Singers of Life
By Loren Eiseley
from "The Judgment of the Birds," in The Immense Journey
. . . on the edge of a little glade with one long, crooked branch extending
across it, I had sat down to rest with my back against a stump. Through
accident I was concealed from the glade, although I could see into it
perfectly.
The sun was warm there, and the murmurs of forest life blurred softly
away into my sleep. When I awoke, dimly aware of some commotion and
outcry in the clearing, the light was slanting down through the pines
in such a way that the glad was lit like some vast cathedral. I could
see the dust motes of wood pollen in the long shaft of light, and there
on the extended branch sat an enormous raven with a red and squirming
nestling in his beak.
The sound that awoke me was the outraged cries of the nestling's parents,
who flew helplessly in circles about the clearing. The sleek black monster
was indifferent to them. He gulped, whetted his beak on the dead branch
a moment and sat still. Up to that point the little tragedy had followed
the usual pattern. But suddenly, out of all that area of woodland, a
soft sound of complaint began to rise. Into the glade fluttered small
birds of half a dozen varieties drawn by the anguished outcries of the
tiny parents.
No one dared to attack the raven. But they cried there in some instinctive
common misery, the bereaved and the unbereaved. The glad filled with
their soft rustling and their cries. They fluttered as though to point
their wings at the murderer. There was a dim intangible ethic he had
violated, that they knew. He was a bird of death.

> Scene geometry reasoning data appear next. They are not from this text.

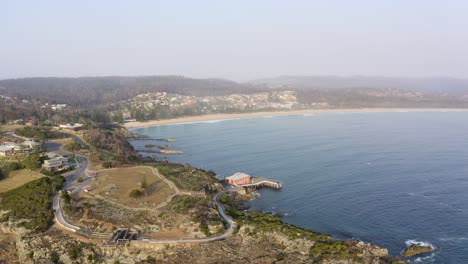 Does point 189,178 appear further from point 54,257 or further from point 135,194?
point 54,257

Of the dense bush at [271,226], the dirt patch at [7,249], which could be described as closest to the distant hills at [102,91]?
the dirt patch at [7,249]

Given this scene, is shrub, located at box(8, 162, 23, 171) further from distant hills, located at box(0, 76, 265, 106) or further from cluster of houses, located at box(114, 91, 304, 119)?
distant hills, located at box(0, 76, 265, 106)

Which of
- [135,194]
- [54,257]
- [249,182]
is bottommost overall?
[54,257]

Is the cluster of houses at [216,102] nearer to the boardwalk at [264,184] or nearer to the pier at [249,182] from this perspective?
the pier at [249,182]

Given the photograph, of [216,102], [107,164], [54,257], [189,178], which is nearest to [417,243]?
[189,178]

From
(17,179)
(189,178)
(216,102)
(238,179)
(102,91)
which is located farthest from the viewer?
(102,91)

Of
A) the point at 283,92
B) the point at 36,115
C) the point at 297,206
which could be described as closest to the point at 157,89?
the point at 283,92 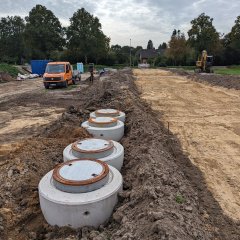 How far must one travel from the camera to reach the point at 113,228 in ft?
12.5

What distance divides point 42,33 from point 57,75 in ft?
131

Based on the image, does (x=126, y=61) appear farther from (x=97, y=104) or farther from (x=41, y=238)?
(x=41, y=238)

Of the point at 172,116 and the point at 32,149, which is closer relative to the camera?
the point at 32,149

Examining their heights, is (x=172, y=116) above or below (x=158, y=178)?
below

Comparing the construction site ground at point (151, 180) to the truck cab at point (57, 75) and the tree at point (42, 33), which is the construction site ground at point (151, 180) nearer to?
the truck cab at point (57, 75)

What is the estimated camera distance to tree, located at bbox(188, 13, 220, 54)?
60.6m

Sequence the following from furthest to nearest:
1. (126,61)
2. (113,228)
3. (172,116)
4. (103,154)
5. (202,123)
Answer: (126,61)
(172,116)
(202,123)
(103,154)
(113,228)

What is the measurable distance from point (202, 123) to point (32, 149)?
6306 mm

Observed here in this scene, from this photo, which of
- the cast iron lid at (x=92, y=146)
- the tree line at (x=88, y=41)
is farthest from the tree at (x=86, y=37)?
the cast iron lid at (x=92, y=146)

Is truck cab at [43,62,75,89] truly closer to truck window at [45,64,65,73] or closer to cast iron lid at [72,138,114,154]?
truck window at [45,64,65,73]

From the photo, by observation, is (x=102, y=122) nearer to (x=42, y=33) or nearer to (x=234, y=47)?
(x=42, y=33)

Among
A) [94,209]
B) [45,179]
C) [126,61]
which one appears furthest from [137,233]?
[126,61]

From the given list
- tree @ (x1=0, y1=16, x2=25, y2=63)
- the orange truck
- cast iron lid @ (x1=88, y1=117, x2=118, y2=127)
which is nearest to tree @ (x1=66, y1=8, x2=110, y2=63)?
tree @ (x1=0, y1=16, x2=25, y2=63)

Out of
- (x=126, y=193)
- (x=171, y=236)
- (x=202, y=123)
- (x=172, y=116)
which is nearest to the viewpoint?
(x=171, y=236) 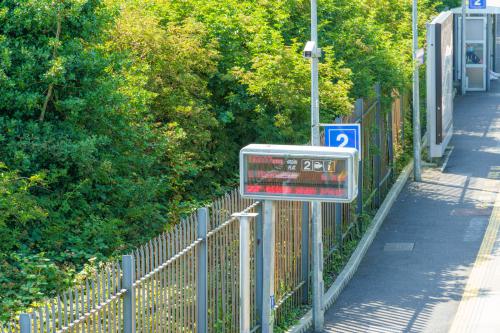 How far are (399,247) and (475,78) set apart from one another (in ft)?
80.0

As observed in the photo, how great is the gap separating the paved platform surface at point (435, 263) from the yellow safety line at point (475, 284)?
15 mm

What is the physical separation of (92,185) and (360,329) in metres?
4.65

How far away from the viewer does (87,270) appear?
1453 cm

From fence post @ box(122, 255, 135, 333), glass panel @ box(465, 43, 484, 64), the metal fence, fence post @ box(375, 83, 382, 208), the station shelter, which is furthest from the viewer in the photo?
glass panel @ box(465, 43, 484, 64)

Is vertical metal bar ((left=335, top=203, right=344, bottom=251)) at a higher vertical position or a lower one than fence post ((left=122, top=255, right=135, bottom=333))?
lower

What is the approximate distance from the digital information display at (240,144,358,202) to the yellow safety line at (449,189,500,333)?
20.8 ft

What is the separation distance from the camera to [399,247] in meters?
22.7

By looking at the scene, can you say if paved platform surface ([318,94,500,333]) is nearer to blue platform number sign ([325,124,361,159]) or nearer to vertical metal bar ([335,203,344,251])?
vertical metal bar ([335,203,344,251])

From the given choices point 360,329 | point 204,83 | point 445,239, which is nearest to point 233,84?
point 204,83

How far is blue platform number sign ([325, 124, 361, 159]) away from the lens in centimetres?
1775

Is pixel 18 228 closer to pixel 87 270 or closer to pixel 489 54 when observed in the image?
pixel 87 270

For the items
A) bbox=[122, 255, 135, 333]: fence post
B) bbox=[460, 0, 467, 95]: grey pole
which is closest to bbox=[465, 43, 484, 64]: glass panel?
bbox=[460, 0, 467, 95]: grey pole

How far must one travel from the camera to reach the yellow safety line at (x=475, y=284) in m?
17.7

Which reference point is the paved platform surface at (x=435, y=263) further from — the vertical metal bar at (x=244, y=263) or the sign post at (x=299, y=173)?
the sign post at (x=299, y=173) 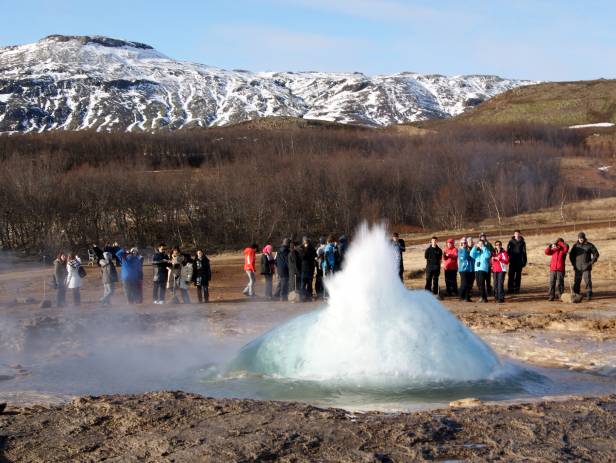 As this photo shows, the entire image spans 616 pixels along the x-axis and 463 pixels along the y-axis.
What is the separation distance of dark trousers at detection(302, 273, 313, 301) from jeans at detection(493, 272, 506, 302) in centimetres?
444

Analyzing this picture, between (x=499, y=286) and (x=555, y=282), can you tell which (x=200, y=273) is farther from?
(x=555, y=282)

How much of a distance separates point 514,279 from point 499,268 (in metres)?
2.30

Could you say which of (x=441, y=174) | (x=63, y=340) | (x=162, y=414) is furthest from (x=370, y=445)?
(x=441, y=174)

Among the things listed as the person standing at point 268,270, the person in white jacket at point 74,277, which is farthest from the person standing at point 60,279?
the person standing at point 268,270

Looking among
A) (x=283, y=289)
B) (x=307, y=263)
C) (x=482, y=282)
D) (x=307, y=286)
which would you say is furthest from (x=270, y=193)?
(x=482, y=282)

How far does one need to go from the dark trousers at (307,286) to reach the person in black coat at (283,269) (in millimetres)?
579

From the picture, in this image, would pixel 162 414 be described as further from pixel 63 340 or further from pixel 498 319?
pixel 498 319

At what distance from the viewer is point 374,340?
11.0m

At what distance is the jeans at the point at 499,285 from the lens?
19750 mm

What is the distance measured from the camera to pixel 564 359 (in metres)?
13.3

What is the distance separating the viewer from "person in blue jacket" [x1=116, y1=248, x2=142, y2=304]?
20.1 metres

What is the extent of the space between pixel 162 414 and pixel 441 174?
64.2 metres

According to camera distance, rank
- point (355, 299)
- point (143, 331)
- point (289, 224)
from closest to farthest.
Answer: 1. point (355, 299)
2. point (143, 331)
3. point (289, 224)

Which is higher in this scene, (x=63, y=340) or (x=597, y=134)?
(x=597, y=134)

And he, the murderer, the black bird at the heart of life, sat on there,
glistening in the common light, formidable, unmoving, unperturbed, untouchable.
The sighing died. It was then I saw the judgment. It was the judgment
of life against death. I will never see it again so forcefully presented.
I will never hear it again in notes so tragically prolonged. For in
the midst of protest, they forgot the violence. There, in that clearing,
the crystal note of a song sparrow lifted hesitantly in the hush. And
finally, after painful fluttering, anther took the song, and then another,
the song passing from one bird to another, doubtfully at first, as though
some evil thing were being slowly forgotten. Till suddenly they took
heart and sang from many throats joyously together as birds are known
to sing. They sang because life is sweet and sunlight beautiful. They
sang under the brooding shadow of the raven. In simple truth they had
forgotten the raven, for they were the singers of life, and not of death.